How to build images with separation between dev and prod for a build / test / deploy workflow in Vault?

What are some ideas or options to consider in this scenario? Normally I’m used to keeping encrypted values in the repo, so life is a bit different now.

I want to determine how best to setup a vault structure between deployments with a dev, prod_green, and prod_blue type scenario. It seems like the simple build test deploy paradigm breaks down a bit if the values used to produce AMI’s are not in the repository though ( and in vault instead ).
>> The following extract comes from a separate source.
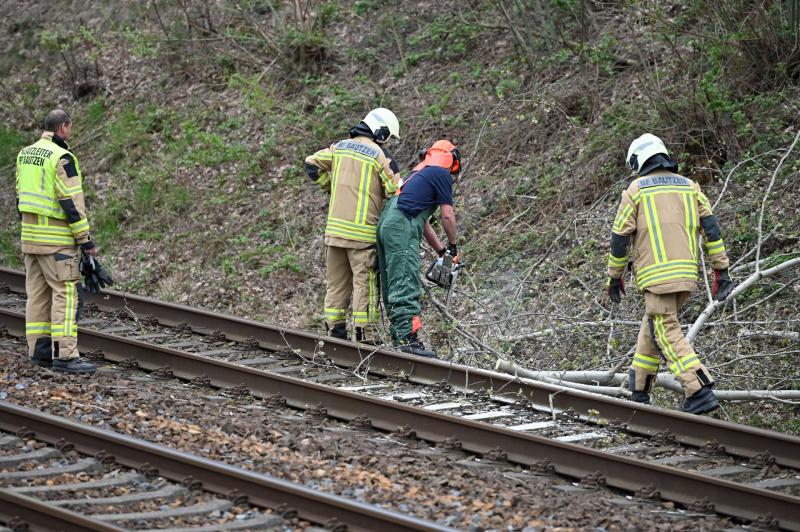 Baum kippt auf Bahnstrecke: Feuerwehr muss anrücken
Thats because If we build AMI’s in dev, with vault vars stored in a /dev mount, test them, and release the ami’s into production, what concerns me is that the value’s used to produced the images could be destroyed, making the AMI potentially difficult to reproduce. The values also aren’t tied to the repo commit.

I’m going to share some ideas for possible solutions. One I don’t like:

Alternatively we could

  • Build ami’s in dev, test them. If they pass…
  • Transfer the vars into a /prod_green or /prod_blue mount, build again, and deploy.

This would mean the values used to produce a current green or blue production deployment would be easier to use to reproduce a result, but this is a bit shabby because we are building the ami’s twice to ensure consistency, when we ideally should only do it once where possible. It delays the ability to iterate and release to production.

One idea I do like, with a question:

  • Can vault do snapshots? perhaps we could use a snapshot and replicate all values into a some kind of unique root name? We could commit a vault snapshot of a tree (random pet / hash / id) into a repository. Each snapshot would contain everything needed for both dev and prod green/blue. We might have a structure in the mount as follows:

snapshot-random-pet/dev or base (most vars, even for prod are actually contained here)
snapshot-random-pet/green (some prod vars only, like overrides)
snapshot-random-pet/blue (some prod vars only, like overrides)

I like this approach because it produces version controlled results that can be immutable.

  • when building, all variables would be pulled from the snapshot. When deploying to green or blue, only some of the values in that snapshot would pickup from some other path contained in that snapshot.
  • if dealing with a bug in production, the new dev environment to test would be replicated based on the snapshot used for that commit.
  • some exceptions to immutability might occur, like passwords that may be rotated in the kv store.

I like this idea, hopefully its not too complicated to do in reality. Snapshots could be automatically trashed after some time unless deployed, keeping junk to a minimum, but still, the values aren’t in the repo, over time, a commit hash may not reproduce a deployment. Perhaps it sounds silly, but would there be any value to AES encrypting the value store and keeping it in the repo (as a storage backend?), then restoring it back to the vault to use? It’s a bit like the old ansible encryption workflow I’m used to, but at least vault can manage the keys and would be the only thing decrypting the data.

Another idea, not so good:

  • Any vault values that need to be used for an ami are copied into a seperate mount (eg /dev/random_pet.
  • An AMI packer build can only read from that mount, no where else.
  • Once the ami’s are produced, thay tagged with the random pet / or some id.
    This is just ok, doesn’t provide any guarantees, not a fan of this really.

I’d like to know what others do out there though, its a bit of a hairy problem that it would help me to establish a good workflow early with.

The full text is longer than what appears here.